If, however he found that the canvas could not contain the desired scene, he would either select a larger piece of canvas or move his easel back from the subject until it fitted on to the existing canvas.

Remember: The size of the image is influenced by the distance between the subject and the easel so the further back the easel is from the subject the smaller the image will be.

I have attached a drawing of a typical studio set up from my book ‘On Painting’ which shows the formula for finding a suitable viewing spot from which to directly measure a subject onto the canvas. ( L = the longest dimension of the canvas)

A perfect set up would be to have the same light on the subject, the canvas and the palette.


The temptation to look at the subject when at the easel is great but one must resist as the subject is different at this position.

I generally place my mark on the canvas and rather than step backwards to my viewing spot I turn around and walk to that spot and turn around and try to view my result as if it was someone else’s painting.

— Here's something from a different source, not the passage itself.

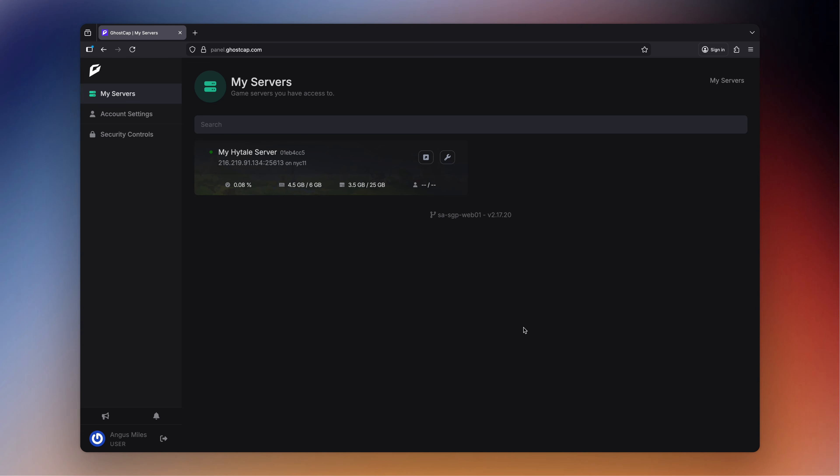Hey, GhostCat Hosting here. In this video we're going to go over how to hard reset your Hytale server here with us at GhostCat.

In other words, try to remain objective.

Don James

13th July 2020


As we move into a situation of forced isolation due to the coronavirus I have been considering my position as a teacher of painting more closely, having been such for 38 years. I will now probably not see any of my students for 6 months or so. I will miss them terribly.

Feelings of embarrassment flood back when I think of my early efforts at teaching and I can only hope that I didn’t cause too much damage to my students back then. The doctor’s mantra of ‘first do no harm’ applies I think to teachers.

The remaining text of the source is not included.